Reproduce, exactly, the lines of the material below from the line containing "Dolphin Mom and Baby Embroidery Design" through the line containing "Y2k Silver Star", with both end lines included and nothing else.

↓

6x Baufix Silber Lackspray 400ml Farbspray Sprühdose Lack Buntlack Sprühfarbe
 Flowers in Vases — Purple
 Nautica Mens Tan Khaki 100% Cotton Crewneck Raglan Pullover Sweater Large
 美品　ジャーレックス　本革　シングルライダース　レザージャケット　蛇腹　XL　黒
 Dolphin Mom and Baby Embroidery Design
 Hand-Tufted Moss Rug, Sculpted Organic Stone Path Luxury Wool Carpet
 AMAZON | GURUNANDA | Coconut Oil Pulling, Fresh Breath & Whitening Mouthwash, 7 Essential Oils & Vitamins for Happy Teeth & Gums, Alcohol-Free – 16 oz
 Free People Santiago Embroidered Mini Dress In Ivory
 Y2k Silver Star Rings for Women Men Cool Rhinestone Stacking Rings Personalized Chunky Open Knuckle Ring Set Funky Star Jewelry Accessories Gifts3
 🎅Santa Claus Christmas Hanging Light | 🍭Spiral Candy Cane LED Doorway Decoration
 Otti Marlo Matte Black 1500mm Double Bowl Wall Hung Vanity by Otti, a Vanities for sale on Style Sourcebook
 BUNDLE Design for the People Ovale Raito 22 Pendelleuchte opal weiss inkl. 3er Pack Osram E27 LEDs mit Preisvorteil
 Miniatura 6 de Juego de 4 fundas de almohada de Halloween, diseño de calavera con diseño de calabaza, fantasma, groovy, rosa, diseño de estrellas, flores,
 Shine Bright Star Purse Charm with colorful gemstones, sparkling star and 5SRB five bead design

↑

▶ OUTPUT BELOW
 Dolphin Mom and Baby Embroidery Design
 Hand-Tufted Moss Rug, Sculpted Organic Stone Path Luxury Wool Carpet
 AMAZON | GURUNANDA | Coconut Oil Pulling, Fresh Breath & Whitening Mouthwash, 7 Essential Oils & Vitamins for Happy Teeth & Gums, Alcohol-Free – 16 oz
 Free People Santiago Embroidered Mini Dress In Ivory
 Y2k Silver Star Rings for Women Men Cool Rhinestone Stacking Rings Personalized Chunky Open Knuckle Ring Set Funky Star Jewelry Accessories Gifts3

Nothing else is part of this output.